* **What to produce**: Verbatim copy without pictures. Please print every entry as it stands.

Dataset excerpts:
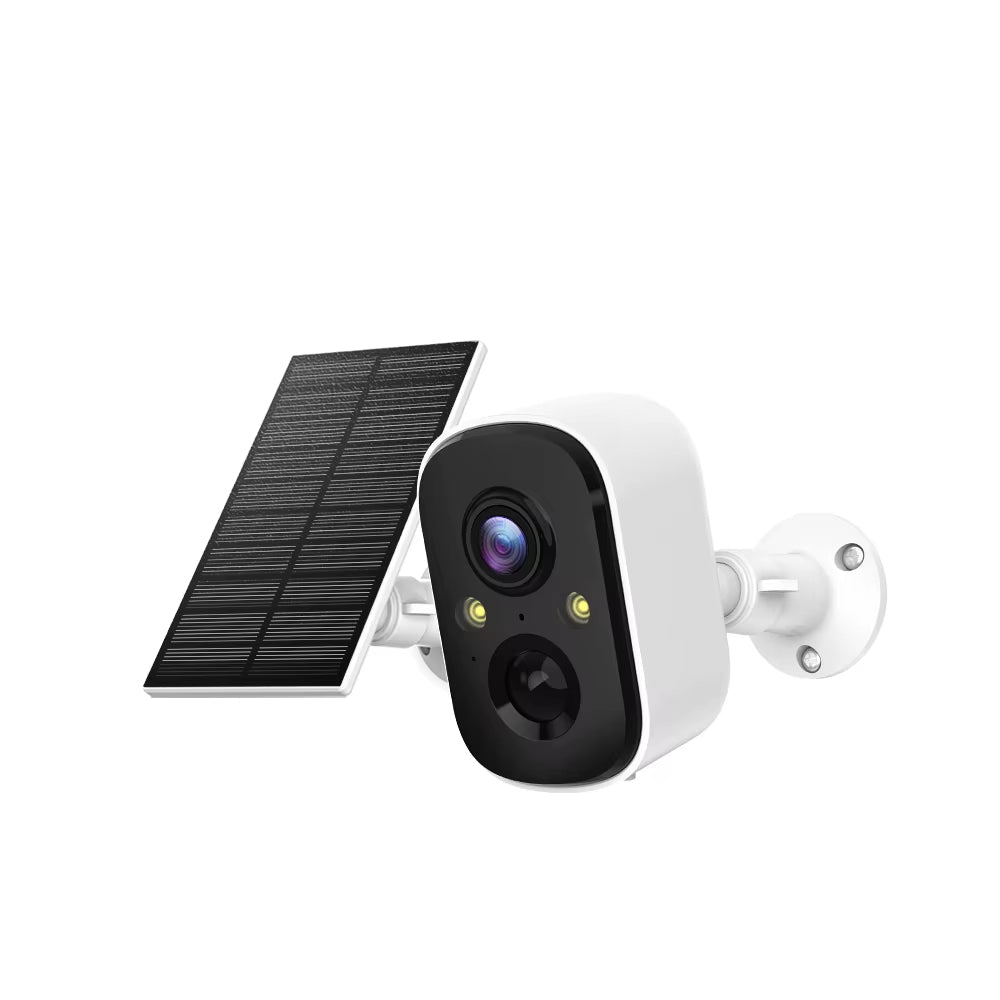 Tuya 3MP Security Battery Camera Combo with Solar Panel Two-Way Audio Wireless Outdoor Human Detection Surveillance Suite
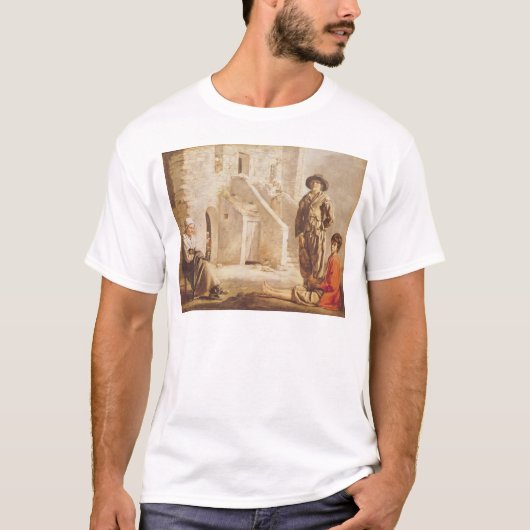 Bauern vor ihrem Haus, c.1641 T-Shirt (Vorderseite)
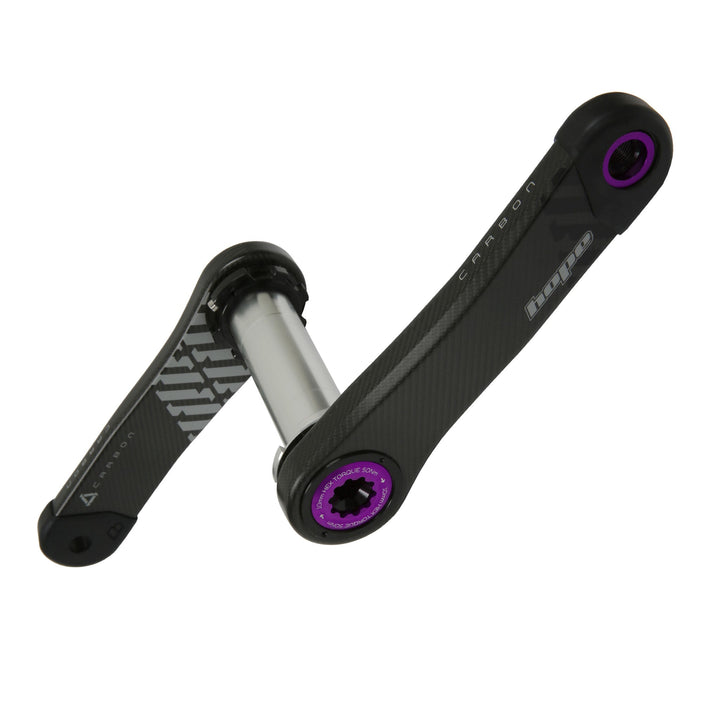 Hope Carbon Cranks Purple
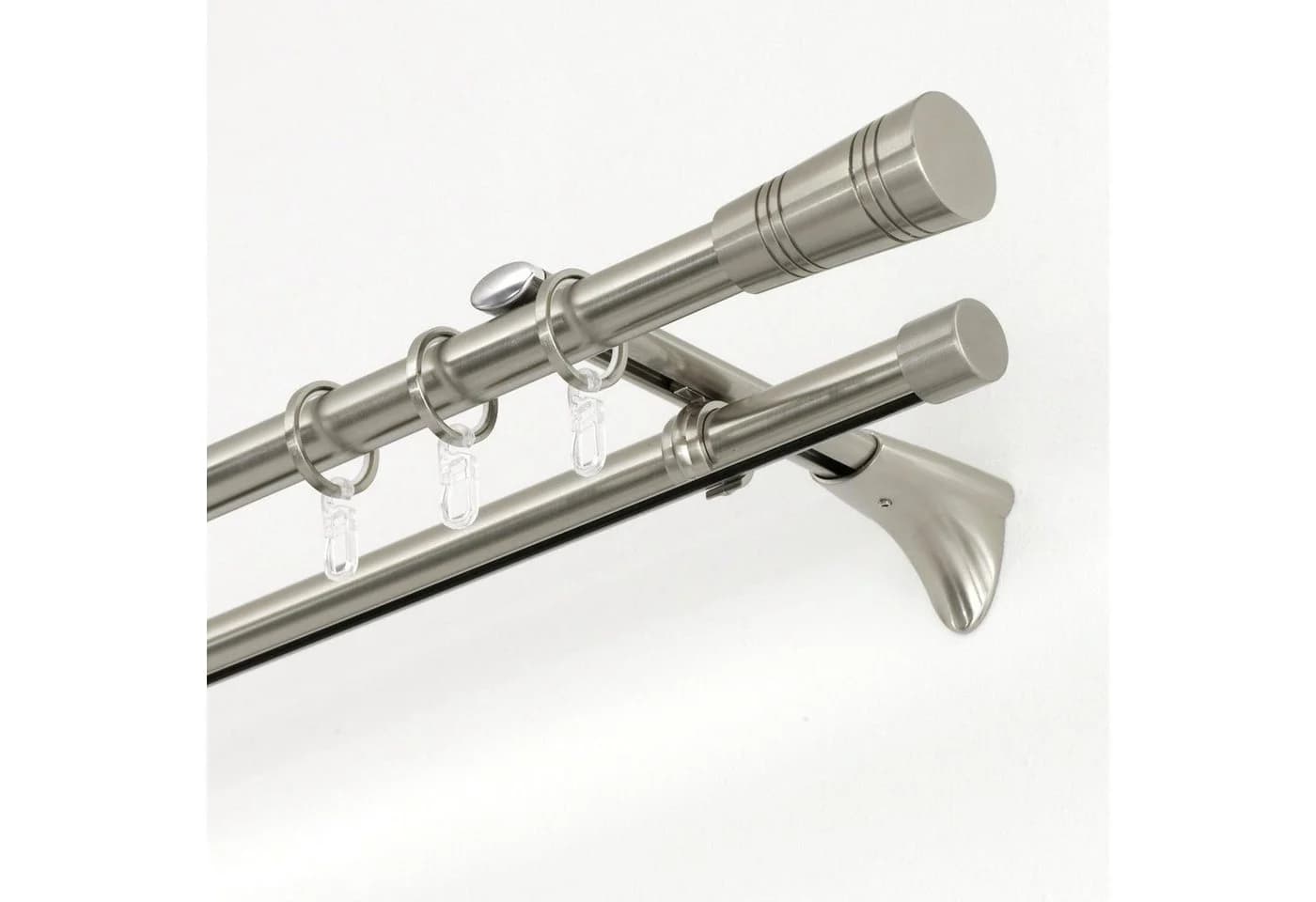 Gardinenring GARDINIA Chicago Silber Metall Ø 2 cm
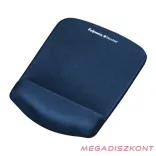 Egéralátét habtöltésű csuklótámasszal FELLOWES PlushTouch kék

* **Reply to the exercise**:
 Tuya 3MP Security Battery Camera Combo with Solar Panel Two-Way Audio Wireless Outdoor Human Detection Surveillance Suite
 Bauern vor ihrem Haus, c.1641 T-Shirt (Vorderseite)
 Hope Carbon Cranks Purple
 Gardinenring GARDINIA Chicago Silber Metall Ø 2 cm
 Egéralátét habtöltésű csuklótámasszal FELLOWES PlushTouch kék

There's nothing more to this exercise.